INSTRUCTIONS FOR THE TASK:
Below are entries with pictures in them. Output exactly the lines starting at the line with "BOSCH GOF1600 CE" and ending at the line with "Youth/Kids Knee Pads", both included, but not the pictures.

LISTED RECORDS:
********
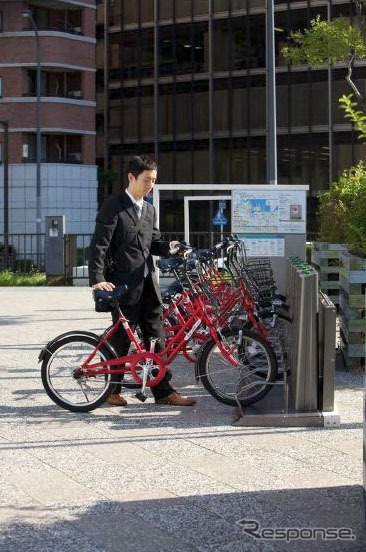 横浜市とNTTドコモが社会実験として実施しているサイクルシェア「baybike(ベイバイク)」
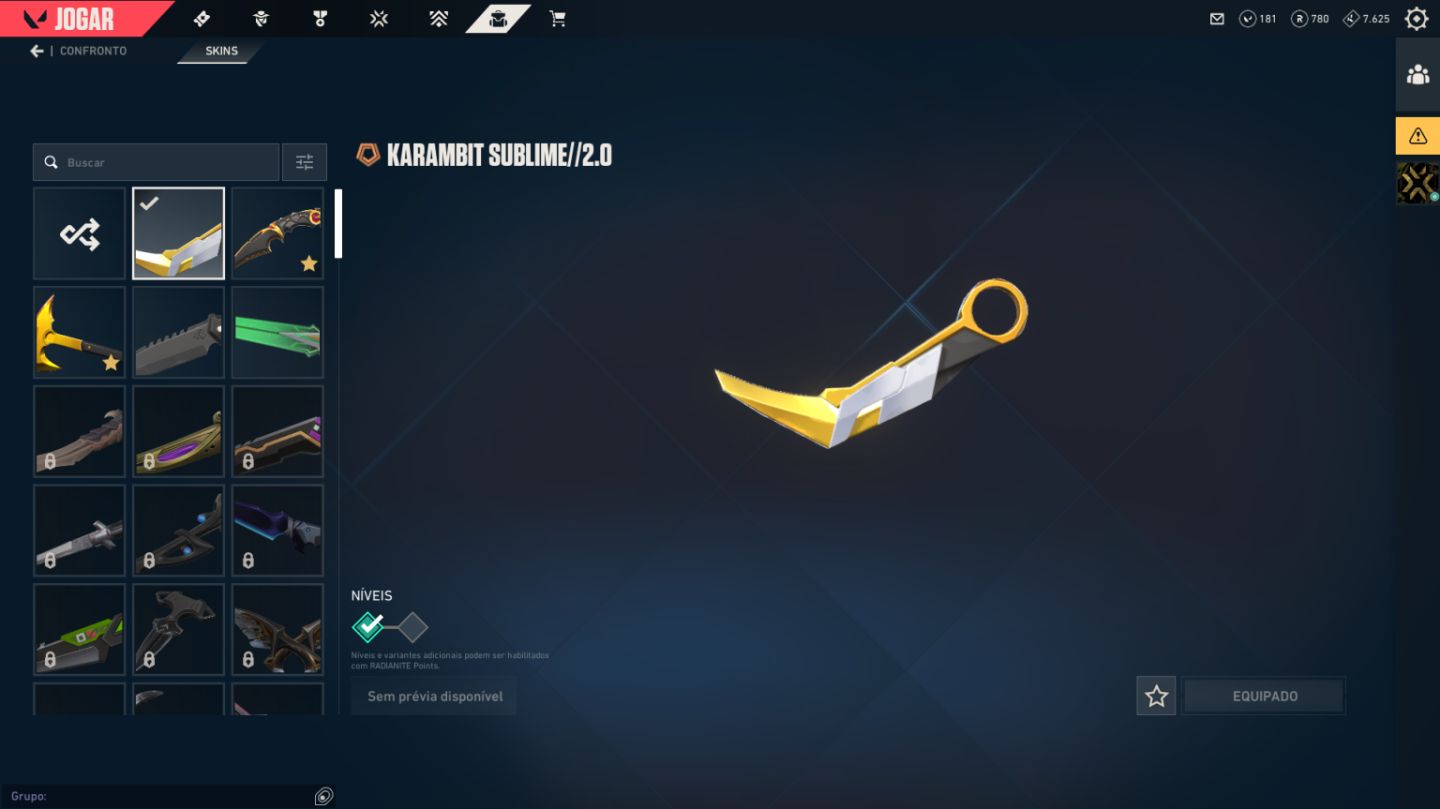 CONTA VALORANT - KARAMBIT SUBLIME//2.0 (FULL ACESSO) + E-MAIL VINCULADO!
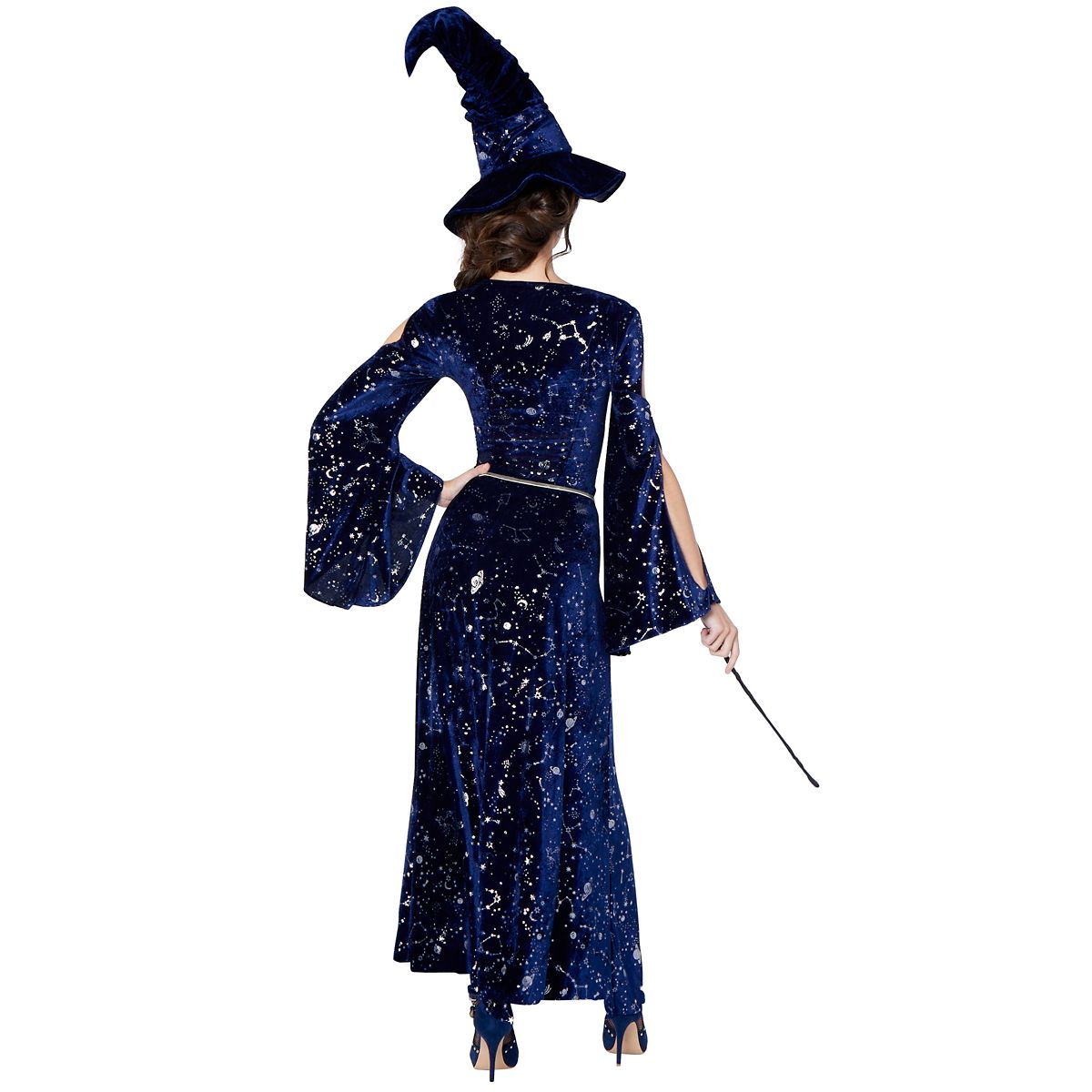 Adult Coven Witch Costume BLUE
********
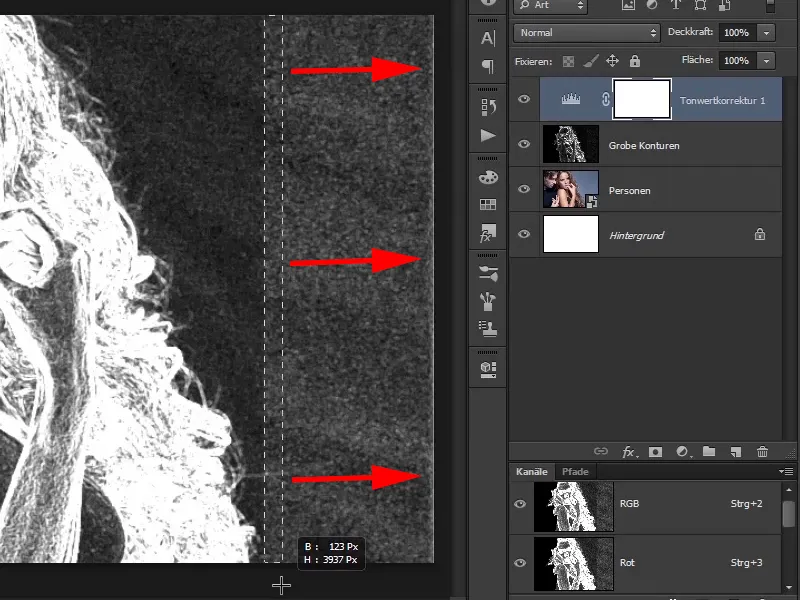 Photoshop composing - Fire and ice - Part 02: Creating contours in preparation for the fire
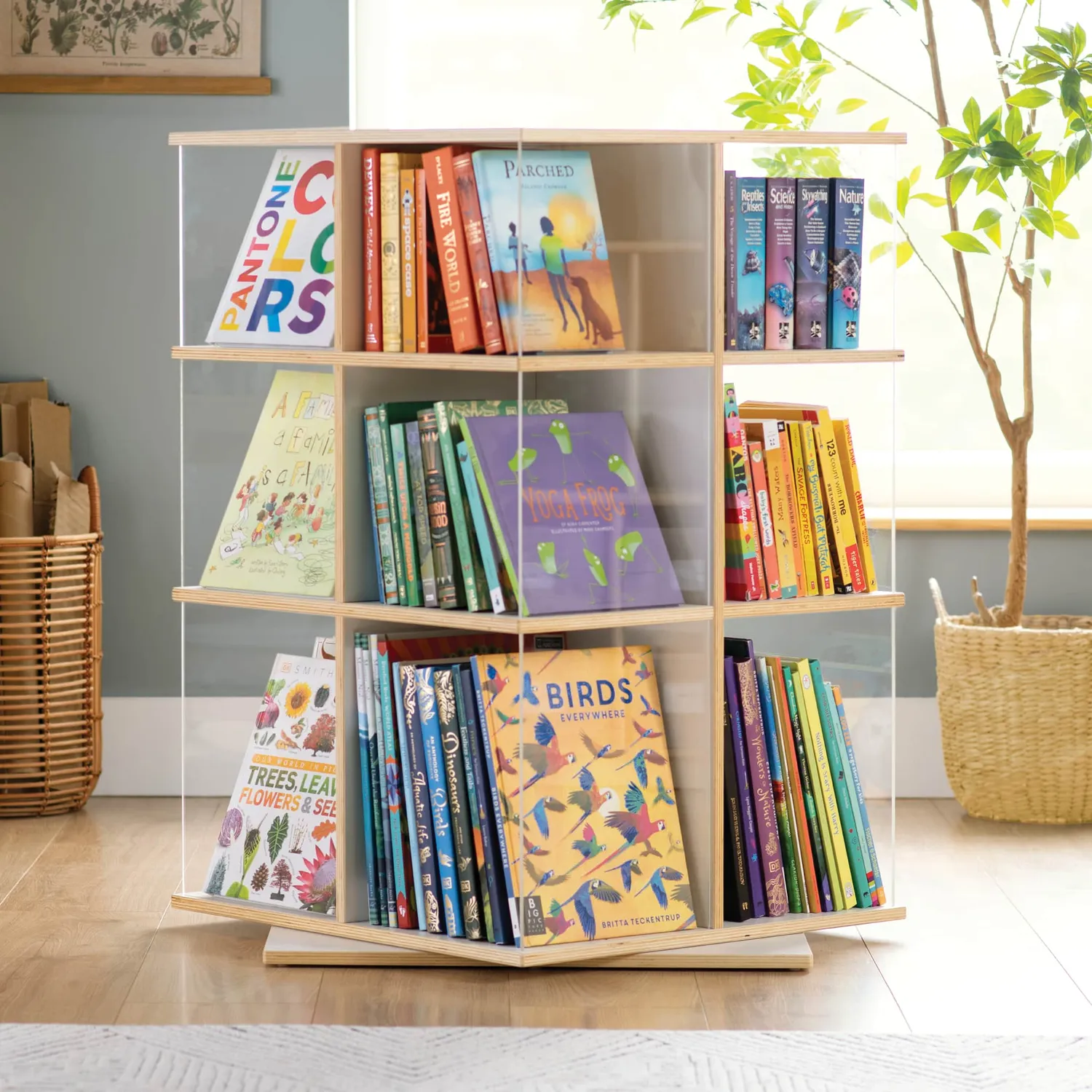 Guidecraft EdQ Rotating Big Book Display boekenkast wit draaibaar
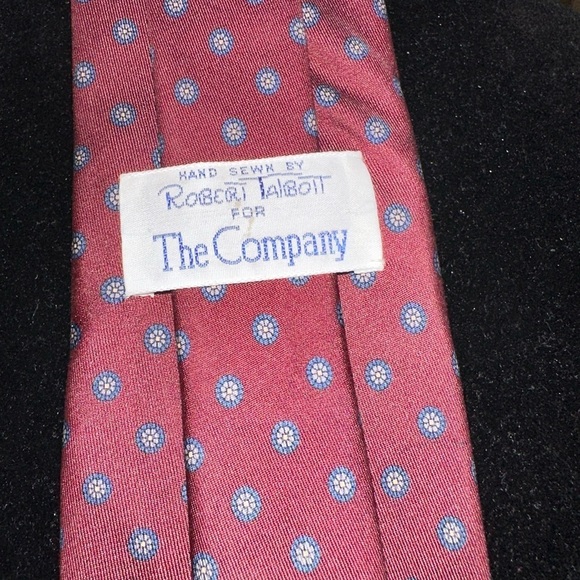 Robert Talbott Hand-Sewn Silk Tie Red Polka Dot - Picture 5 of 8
********
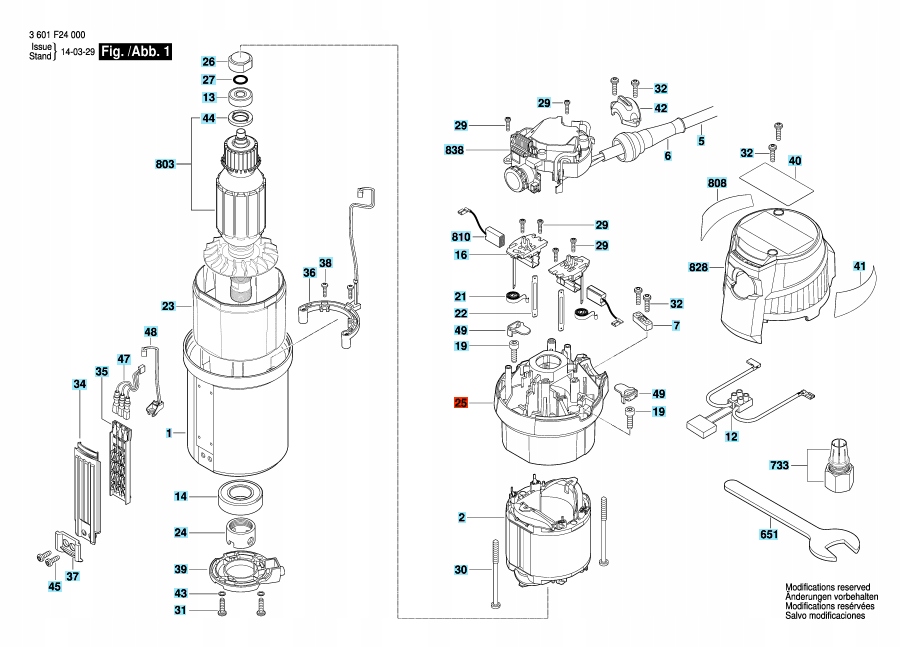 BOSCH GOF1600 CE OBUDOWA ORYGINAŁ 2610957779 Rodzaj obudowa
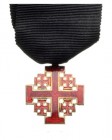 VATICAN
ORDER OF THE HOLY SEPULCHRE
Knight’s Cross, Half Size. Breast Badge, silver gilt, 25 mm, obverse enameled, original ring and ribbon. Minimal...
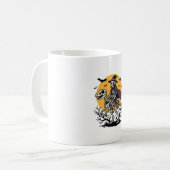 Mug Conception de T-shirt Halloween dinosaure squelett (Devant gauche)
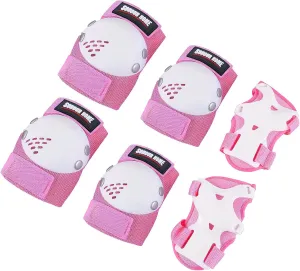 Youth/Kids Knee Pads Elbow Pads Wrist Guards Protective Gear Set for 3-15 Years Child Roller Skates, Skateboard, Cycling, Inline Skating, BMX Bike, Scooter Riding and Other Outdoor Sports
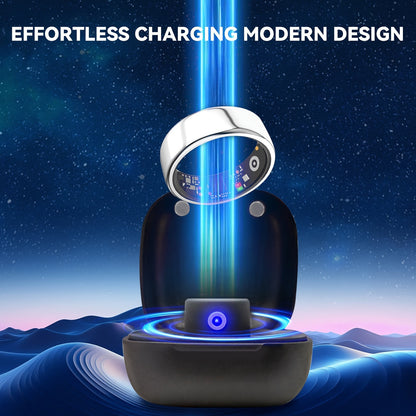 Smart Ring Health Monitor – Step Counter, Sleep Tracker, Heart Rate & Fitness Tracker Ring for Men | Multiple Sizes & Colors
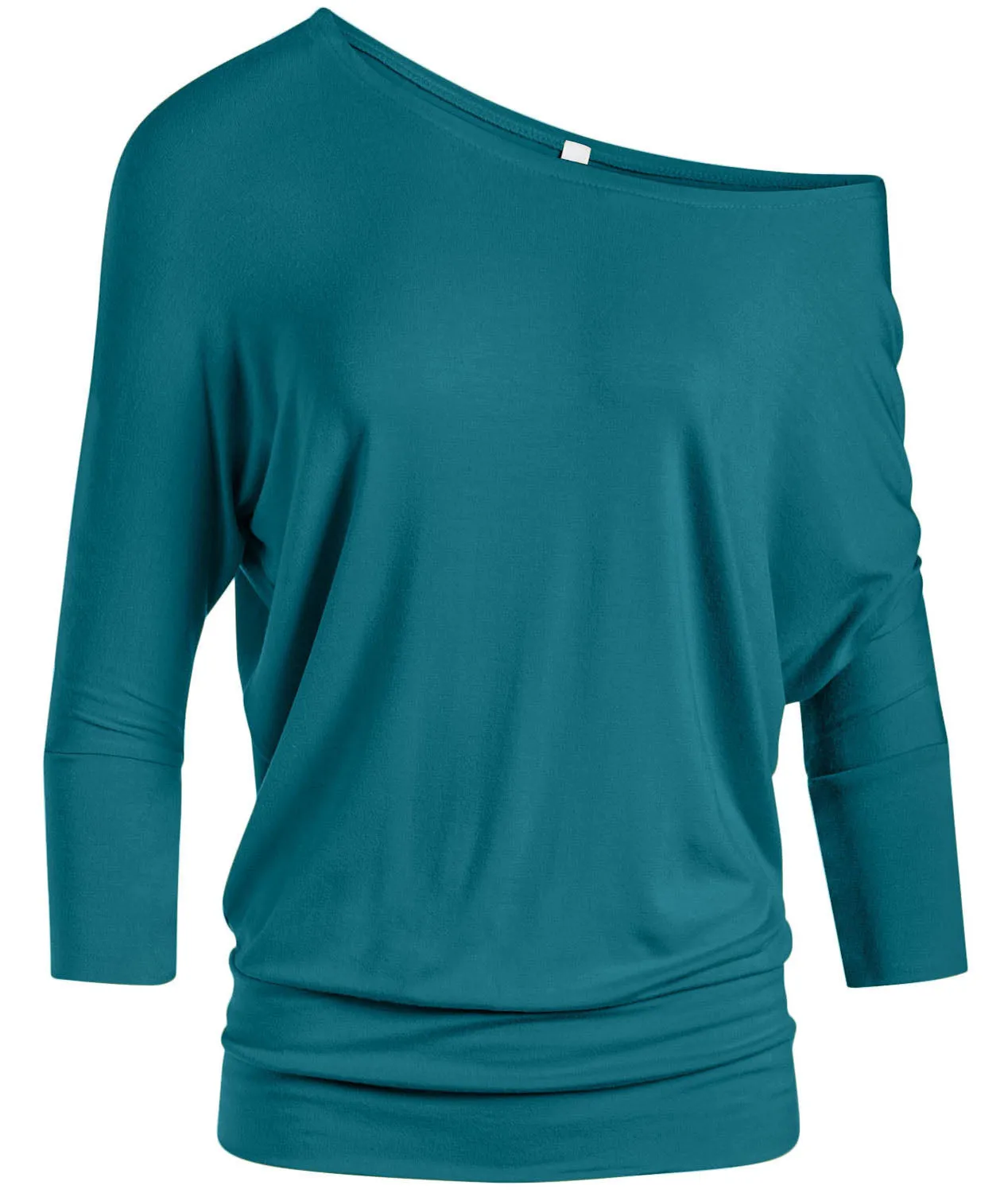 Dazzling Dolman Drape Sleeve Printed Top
********
EXPECTED OUTPUT:
 BOSCH GOF1600 CE OBUDOWA ORYGINAŁ 2610957779 Rodzaj obudowa
 VATICAN
ORDER OF THE HOLY SEPULCHRE
Knight’s Cross, Half Size. Breast Badge, silver gilt, 25 mm, obverse enameled, original ring and ribbon. Minimal...
 Mug Conception de T-shirt Halloween dinosaure squelett (Devant gauche)
 Youth/Kids Knee Pads Elbow Pads Wrist Guards Protective Gear Set for 3-15 Years Child Roller Skates, Skateboard, Cycling, Inline Skating, BMX Bike, Scooter Riding and Other Outdoor Sports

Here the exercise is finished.